How to Walk on thin Ice (pt 3)
In communication, honestly is hard, but it is the best policy. We may lose the relationship but it is better to risk that than to live a lie.
To live under the control of other people makes it hard to communicate. This can apply to students in a school, patients in a hospital or the lower ranks in the armed forces. This inability to communicate can lead to tension, which can lead to bladder control problems, rashes, and even gastric ulcers. So true communication is vital for both physical and mental health.
True communication means that strategies must be implemented to achieve results. Sometimes this can be achieved by having a neutral third person act as facilitator to keep the flow of information going, and prevent the discussion from digressing into a brawl!
If we venture out into the thin ice of true communication, much can be done to help us not to fall through. Communication needs the proper surroundings, and proper conditions, to succeed. When we are tired, we cannot pay full attention to what is being said. True communication needs people who are well rested, and should be held on neutral ground, if possible. That is, in a restaurant, or in a park, where it is more difficult for people to just walk out instead of confronting the problem.
Always respect the dignity of the other person, any damage to their self esteem will close off communication. Do not allow the discussion to become a confrontation. Let the other person know that you love them, and do not want to hurt them, but they are doing something that is upsetting you, and you need to talk about it.
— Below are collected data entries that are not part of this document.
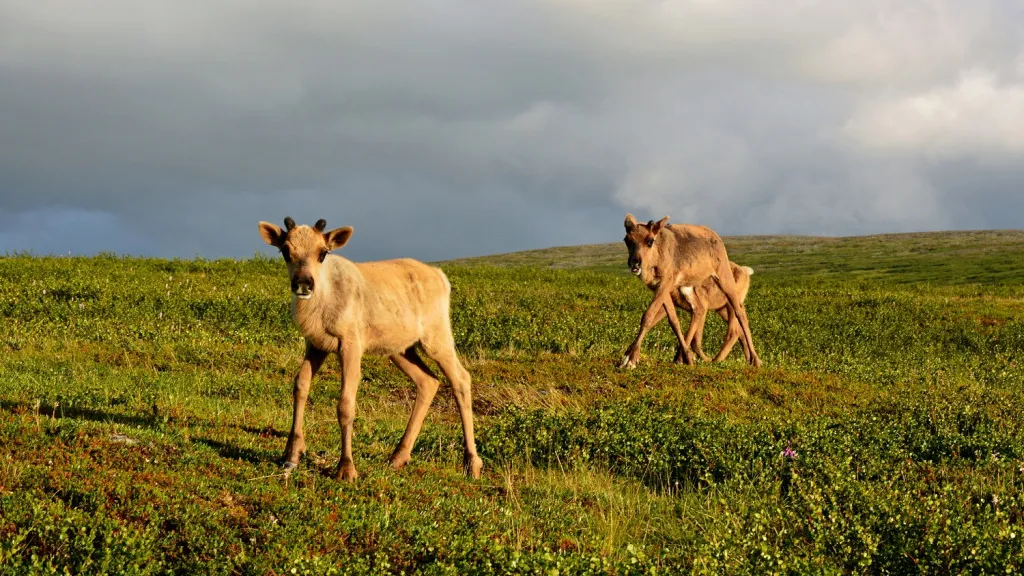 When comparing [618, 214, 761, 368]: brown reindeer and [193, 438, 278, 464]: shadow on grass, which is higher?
[618, 214, 761, 368]: brown reindeer

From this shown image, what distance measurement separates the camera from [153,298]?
958 inches

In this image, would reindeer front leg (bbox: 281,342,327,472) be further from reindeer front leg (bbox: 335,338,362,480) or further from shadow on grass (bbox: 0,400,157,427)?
shadow on grass (bbox: 0,400,157,427)

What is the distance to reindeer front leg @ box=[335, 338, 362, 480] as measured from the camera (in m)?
8.62

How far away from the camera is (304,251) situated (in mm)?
8336

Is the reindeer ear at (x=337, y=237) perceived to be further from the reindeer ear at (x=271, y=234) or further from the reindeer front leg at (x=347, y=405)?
the reindeer front leg at (x=347, y=405)

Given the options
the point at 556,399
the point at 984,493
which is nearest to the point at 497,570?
the point at 984,493

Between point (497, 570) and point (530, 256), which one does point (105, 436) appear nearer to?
point (497, 570)

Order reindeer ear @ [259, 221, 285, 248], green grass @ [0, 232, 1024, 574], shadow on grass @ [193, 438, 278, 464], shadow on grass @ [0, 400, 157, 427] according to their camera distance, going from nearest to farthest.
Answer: green grass @ [0, 232, 1024, 574] → reindeer ear @ [259, 221, 285, 248] → shadow on grass @ [193, 438, 278, 464] → shadow on grass @ [0, 400, 157, 427]

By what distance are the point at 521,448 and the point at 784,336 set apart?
17.4 meters

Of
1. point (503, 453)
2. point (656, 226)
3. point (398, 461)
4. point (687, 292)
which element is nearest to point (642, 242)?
point (656, 226)

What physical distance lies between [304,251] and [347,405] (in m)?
1.57

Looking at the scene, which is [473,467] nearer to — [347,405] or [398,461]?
[398,461]

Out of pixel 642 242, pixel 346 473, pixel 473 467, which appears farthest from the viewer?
pixel 642 242

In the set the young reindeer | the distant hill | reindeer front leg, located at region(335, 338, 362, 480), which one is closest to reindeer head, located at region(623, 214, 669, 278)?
the young reindeer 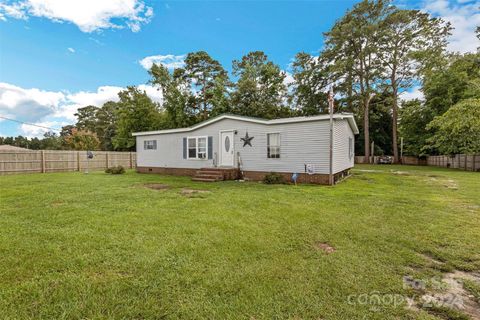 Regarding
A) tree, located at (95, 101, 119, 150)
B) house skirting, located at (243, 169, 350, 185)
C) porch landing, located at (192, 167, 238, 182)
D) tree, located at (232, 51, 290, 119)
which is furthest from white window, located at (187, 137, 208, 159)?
tree, located at (95, 101, 119, 150)

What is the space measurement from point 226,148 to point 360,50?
21498 millimetres

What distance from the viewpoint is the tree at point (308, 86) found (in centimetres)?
2669

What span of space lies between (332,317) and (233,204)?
3892 mm

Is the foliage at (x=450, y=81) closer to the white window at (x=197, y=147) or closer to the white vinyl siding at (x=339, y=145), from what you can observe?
the white vinyl siding at (x=339, y=145)

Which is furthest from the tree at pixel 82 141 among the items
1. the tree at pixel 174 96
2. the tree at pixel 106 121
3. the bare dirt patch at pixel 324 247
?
the bare dirt patch at pixel 324 247

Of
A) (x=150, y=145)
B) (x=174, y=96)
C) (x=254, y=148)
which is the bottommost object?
(x=254, y=148)

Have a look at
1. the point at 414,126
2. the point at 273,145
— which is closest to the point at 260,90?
the point at 273,145

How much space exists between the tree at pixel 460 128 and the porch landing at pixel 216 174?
14.1 meters

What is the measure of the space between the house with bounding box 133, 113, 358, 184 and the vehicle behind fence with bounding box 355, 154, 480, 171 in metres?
10.5

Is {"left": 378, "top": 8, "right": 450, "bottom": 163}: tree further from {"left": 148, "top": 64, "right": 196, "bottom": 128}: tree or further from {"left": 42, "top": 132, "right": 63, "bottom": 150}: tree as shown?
{"left": 42, "top": 132, "right": 63, "bottom": 150}: tree

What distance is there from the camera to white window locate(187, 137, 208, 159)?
12289mm

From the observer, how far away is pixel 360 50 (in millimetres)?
24766

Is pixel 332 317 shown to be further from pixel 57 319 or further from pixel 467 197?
pixel 467 197

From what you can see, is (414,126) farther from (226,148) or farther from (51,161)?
(51,161) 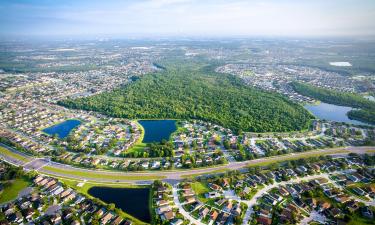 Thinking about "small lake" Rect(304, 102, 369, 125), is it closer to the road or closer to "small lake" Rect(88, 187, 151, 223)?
the road

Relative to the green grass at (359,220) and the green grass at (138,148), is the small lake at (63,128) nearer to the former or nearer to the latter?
the green grass at (138,148)

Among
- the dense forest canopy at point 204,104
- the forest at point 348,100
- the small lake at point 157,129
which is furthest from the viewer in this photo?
the forest at point 348,100

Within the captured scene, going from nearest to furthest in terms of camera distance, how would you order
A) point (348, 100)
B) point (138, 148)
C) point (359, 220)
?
1. point (359, 220)
2. point (138, 148)
3. point (348, 100)

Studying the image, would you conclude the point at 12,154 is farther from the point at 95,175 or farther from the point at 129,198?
the point at 129,198

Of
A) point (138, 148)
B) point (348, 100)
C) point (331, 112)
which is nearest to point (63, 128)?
point (138, 148)

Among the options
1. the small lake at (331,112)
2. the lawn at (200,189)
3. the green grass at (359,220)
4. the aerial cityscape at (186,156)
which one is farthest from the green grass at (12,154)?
the small lake at (331,112)

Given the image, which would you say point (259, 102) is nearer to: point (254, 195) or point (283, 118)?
point (283, 118)

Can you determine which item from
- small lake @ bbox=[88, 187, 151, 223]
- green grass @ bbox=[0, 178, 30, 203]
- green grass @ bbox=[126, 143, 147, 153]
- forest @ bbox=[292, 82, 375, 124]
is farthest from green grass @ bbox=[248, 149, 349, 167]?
green grass @ bbox=[0, 178, 30, 203] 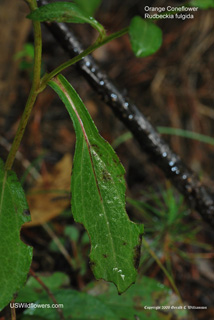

Make sure you don’t use emotion-loaded words. Don’t say “you have a bad habit that drives me crazy.” Instead say something like, “I’m sure you don’t realize how I feel when you do that, but I just have to explain it to you.” Use eye contact at all times, don’t stand over the person, but be physical on the same level.
Always check and make sure the other person knows just what you mean. After all, a word may mean one thing to you, but something different to someone else. Use the simplest words you can. If you use long words to someone who is in an emotional situation it is like a doctor using medical terminology to a patient. It is more likely to create confusion rather than clear up a situation.
Do not expect to just deal with your problem and then close off the communication. Give the other person a chance to express his or her feelings. And if at first you don’t succeed, don’t give up, but try again. A good relationship is really worth the effort!!